┏━━

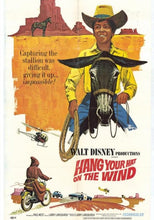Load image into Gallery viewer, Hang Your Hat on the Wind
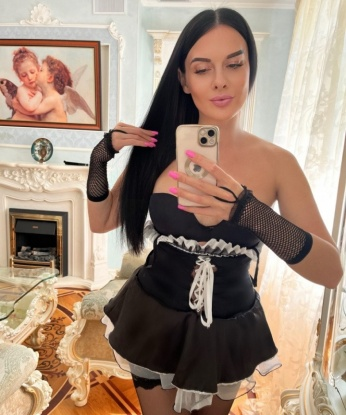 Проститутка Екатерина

┗━━
┏━━

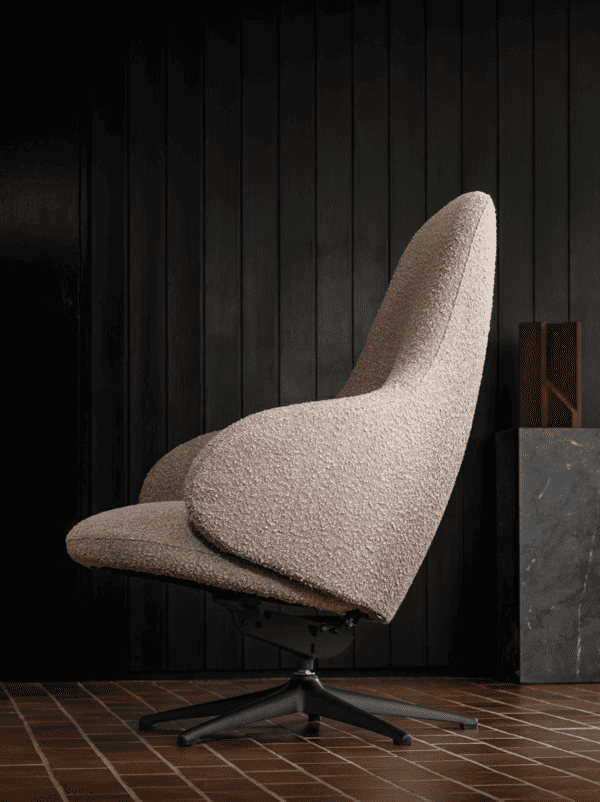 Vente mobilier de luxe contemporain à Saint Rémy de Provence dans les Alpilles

┗━━

- _DIRECTIONS_
In the listing above, find the line with "Load image into" and output it and every line after it up to and including the line with "Проститутка Екатерина", exactly, minus the pictures.

- _WRITTEN RESPONSE_
Load image into Gallery viewer, Hang Your Hat on the Wind
 Проститутка Екатерина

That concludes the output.